RECORDS PROVIDED |
——

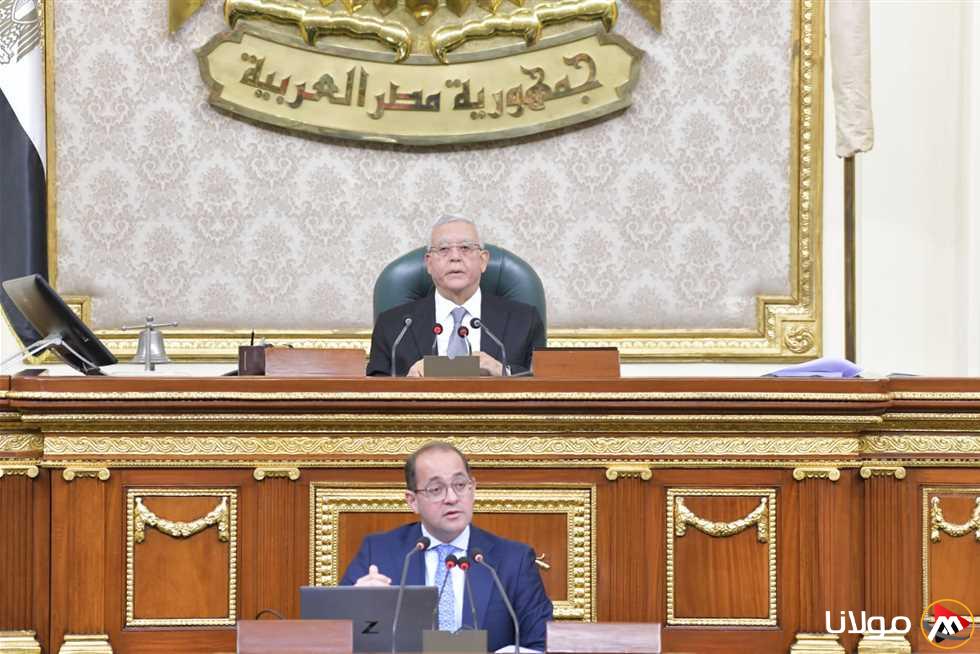 وزير المالية: نهدف إلى تنفيذ توصيات البرلمان.. والقطاع الخاص يتولى القيادة الآن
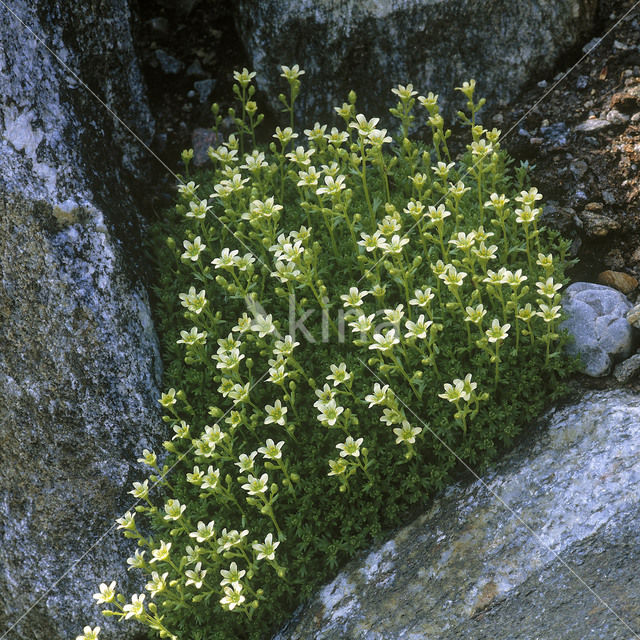 Muskussteenbreek (Saxifraga moschata)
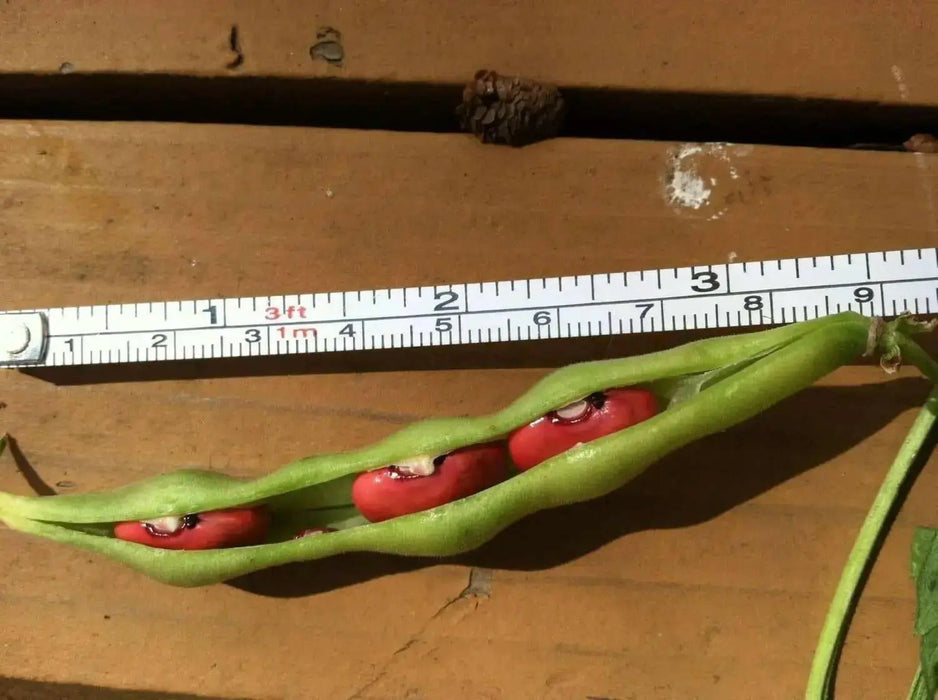 Organic Bean Seeds - Hidatsa Red,Very Rare Heirloom Originally grown by the Hidatsa Indians of North Dakota. - Caribbean garden seed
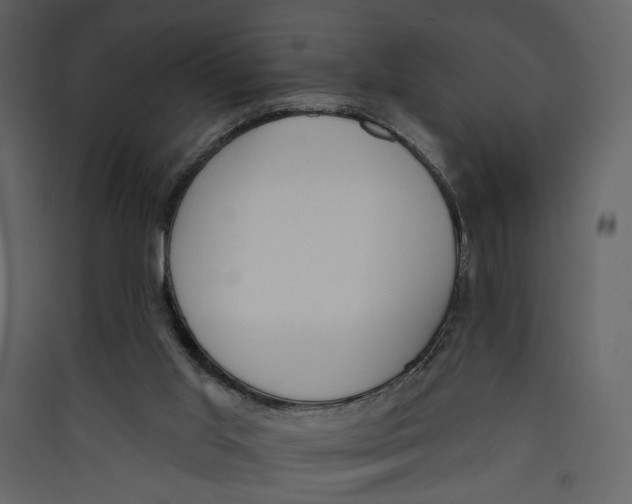 X0000089390013200707131729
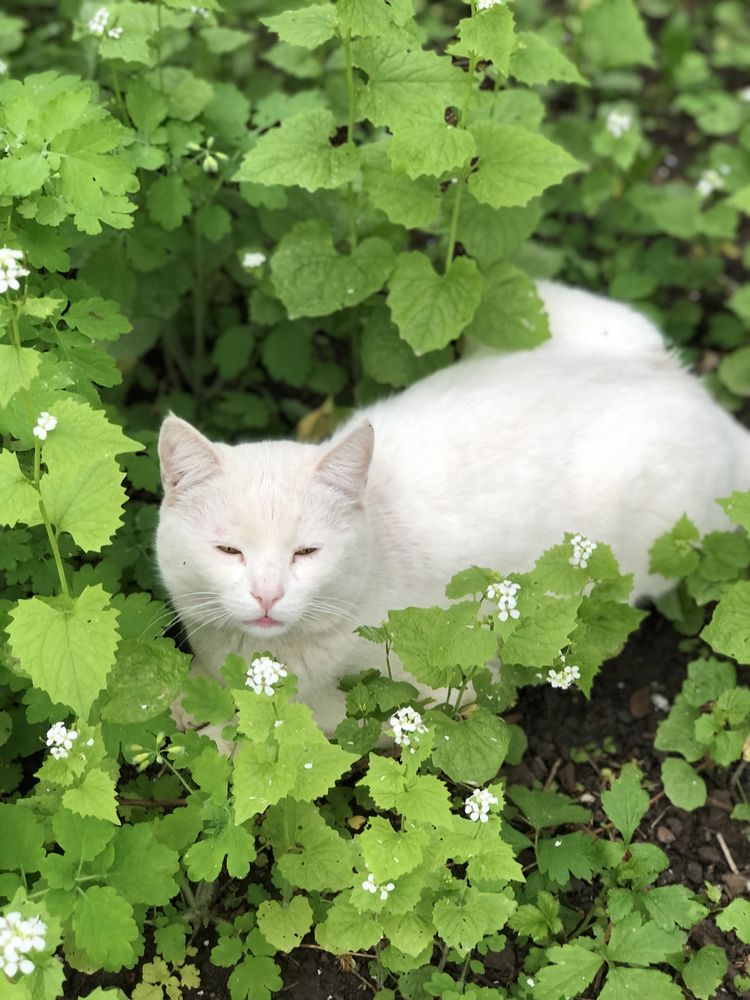 Кот_котик_коты_кошки_котята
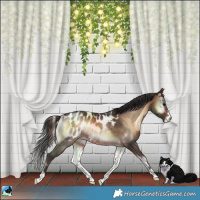 Horse Color:Brown Onyx Blanket Rabicano 
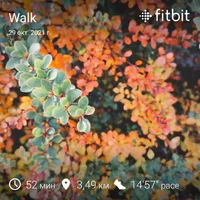 fitbitshare_1279812947.webp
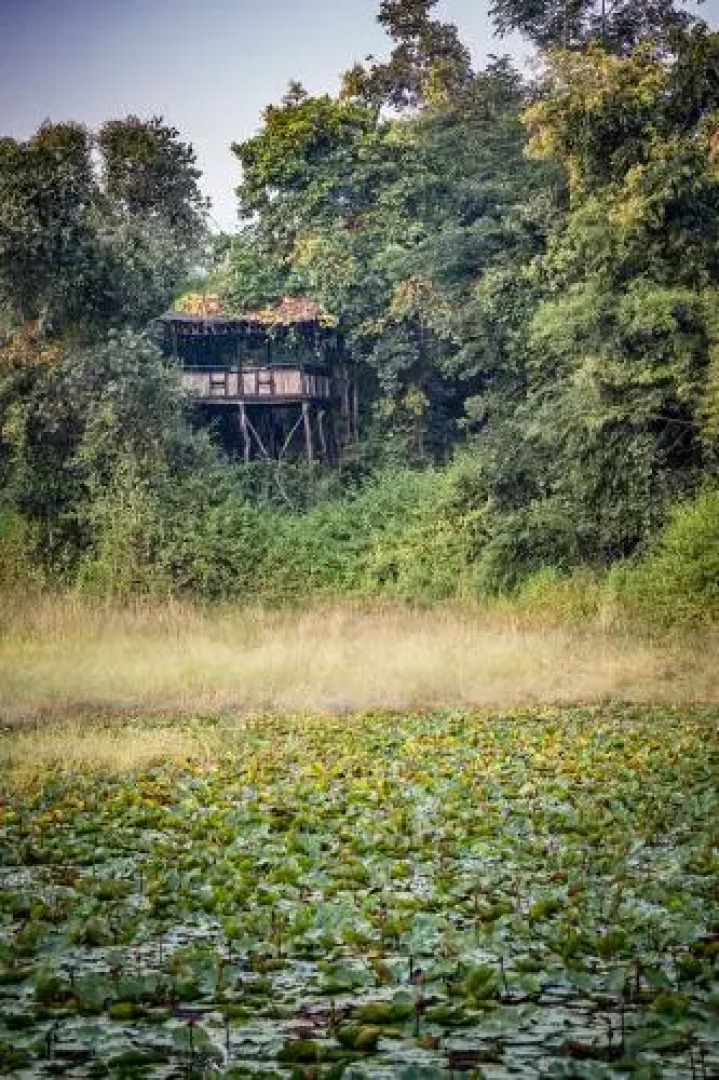 Tree House Hideway Bandhavgarh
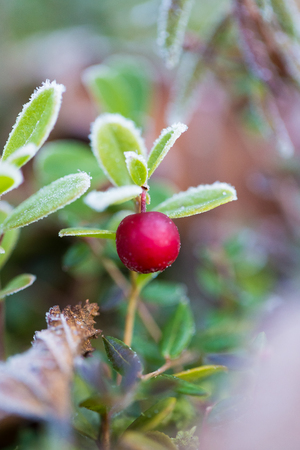 A beautiful frozen cranberries in a morning wetlands. Healthy food with vitamins. Closeup with shallow depth of field.の写真素材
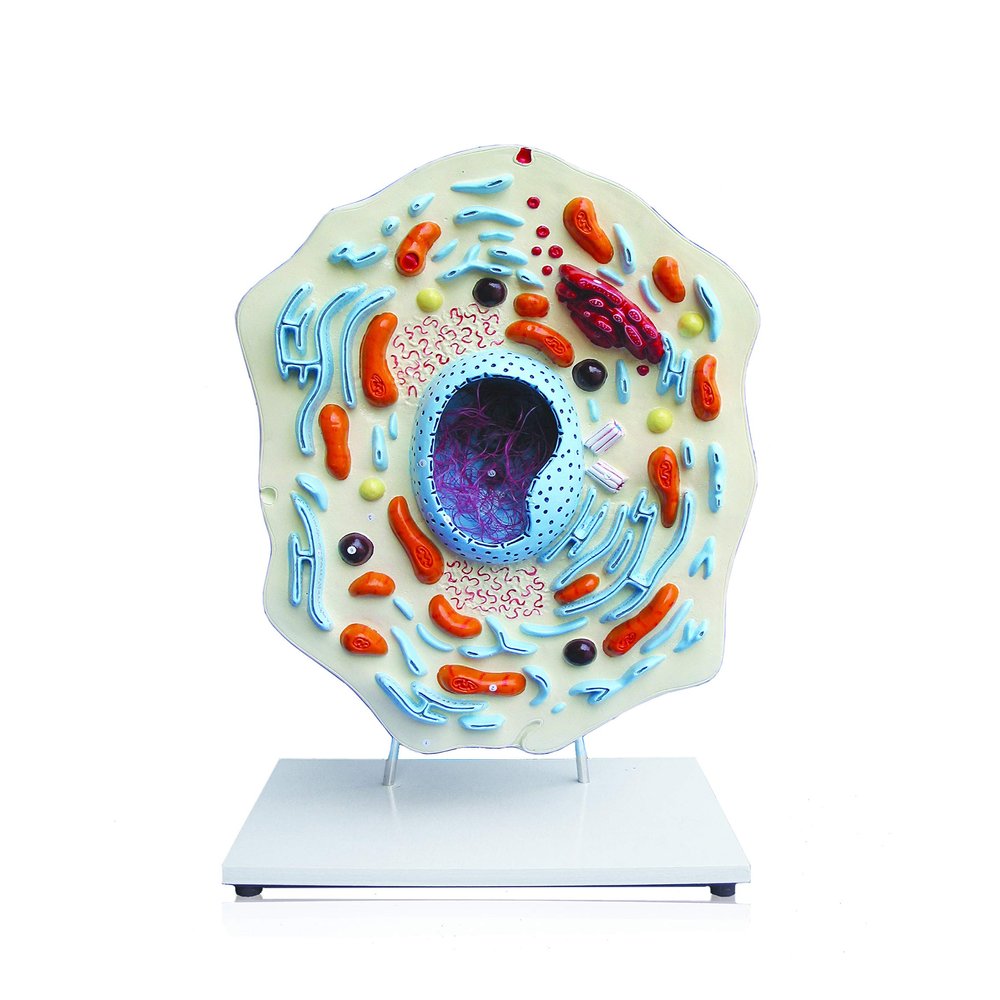 Jackson Global JS00132 Animal Cell Model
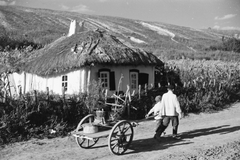 Oroszország, Koltunovka, 1942, Konok Tamás id, Szovjetunió, keleti front, második világháború, nádtető, Fortepan #43139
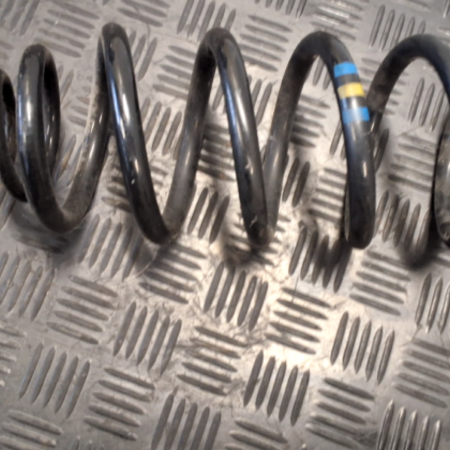 BMW X-serien X6 Federn hinten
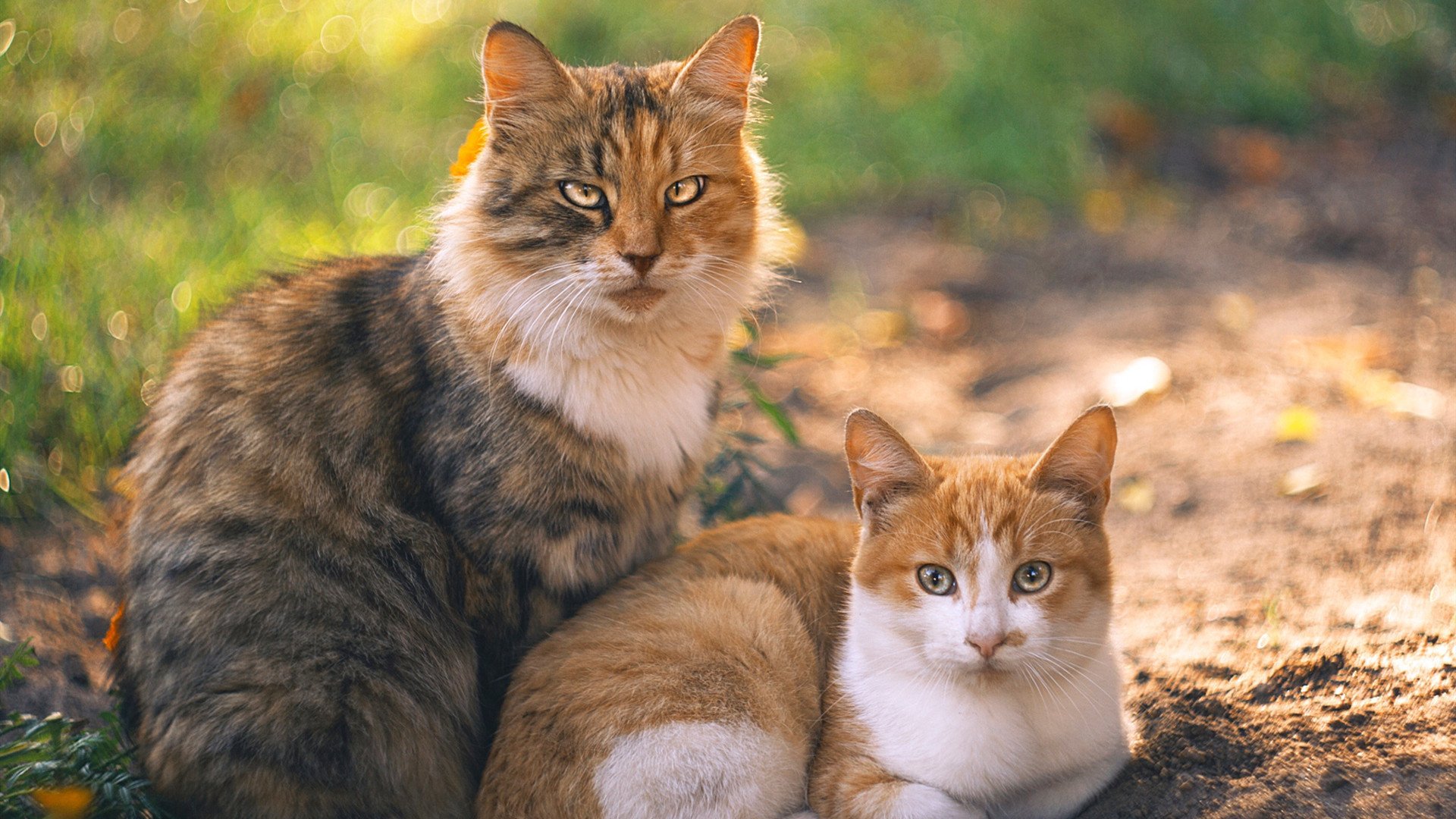 AYX官网-国足心理训练有效，比赛表现更稳健，国足训练视频集锦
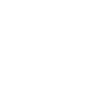 ico-eur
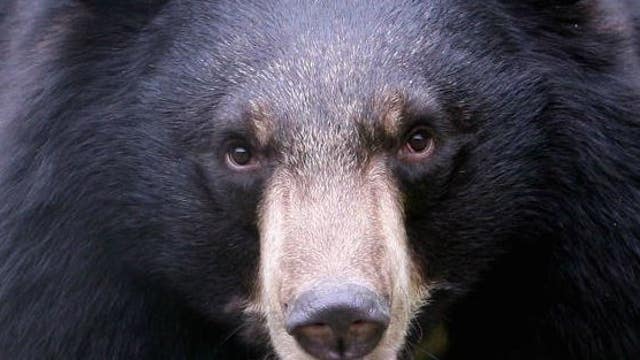 Minnesota DNR: What you need to know as bears emerge from hibernation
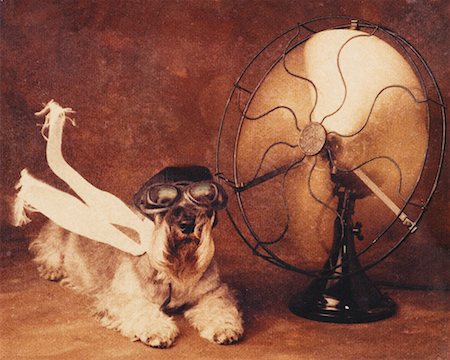 dog fan - Portrait of Dog Wearing Aviator's Gear in Front of Electric Fan Stock Photo - Rights-Managed, Code: 700-00018488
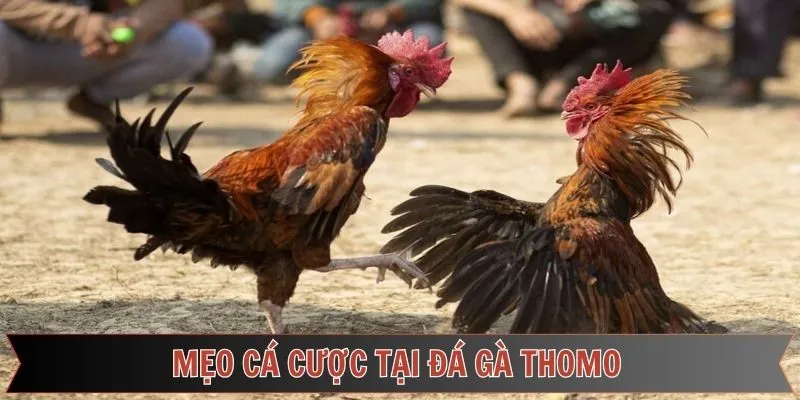 Kinh nghiệm tham gia đá gà Thomo thành công ngay từ lần đầu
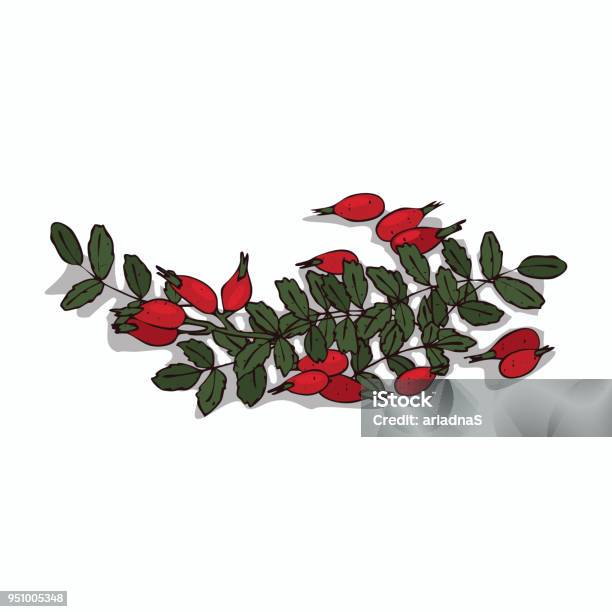 Isolated Clipart Rose Hips Stock Illustration - Download Image Now - Art, Bunch, Cartoon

——

TASK OBJECTIVE |
Print every line of the material exactly as written, but drop the pictures.

OUTPUT OF THE EXERCISE |
 وزير المالية: نهدف إلى تنفيذ توصيات البرلمان.. والقطاع الخاص يتولى القيادة الآن
 Muskussteenbreek (Saxifraga moschata)
 Organic Bean Seeds - Hidatsa Red,Very Rare Heirloom Originally grown by the Hidatsa Indians of North Dakota. - Caribbean garden seed
 X0000089390013200707131729
 Кот_котик_коты_кошки_котята
 Horse Color:Brown Onyx Blanket Rabicano 
 fitbitshare_1279812947.webp
 Tree House Hideway Bandhavgarh
 A beautiful frozen cranberries in a morning wetlands. Healthy food with vitamins. Closeup with shallow depth of field.の写真素材
 Jackson Global JS00132 Animal Cell Model
 Oroszország, Koltunovka, 1942, Konok Tamás id, Szovjetunió, keleti front, második világháború, nádtető, Fortepan #43139
 BMW X-serien X6 Federn hinten
 AYX官网-国足心理训练有效，比赛表现更稳健，国足训练视频集锦
 ico-eur
 Minnesota DNR: What you need to know as bears emerge from hibernation
 dog fan - Portrait of Dog Wearing Aviator's Gear in Front of Electric Fan Stock Photo - Rights-Managed, Code: 700-00018488
 Kinh nghiệm tham gia đá gà Thomo thành công ngay từ lần đầu
 Isolated Clipart Rose Hips Stock Illustration - Download Image Now - Art, Bunch, Cartoon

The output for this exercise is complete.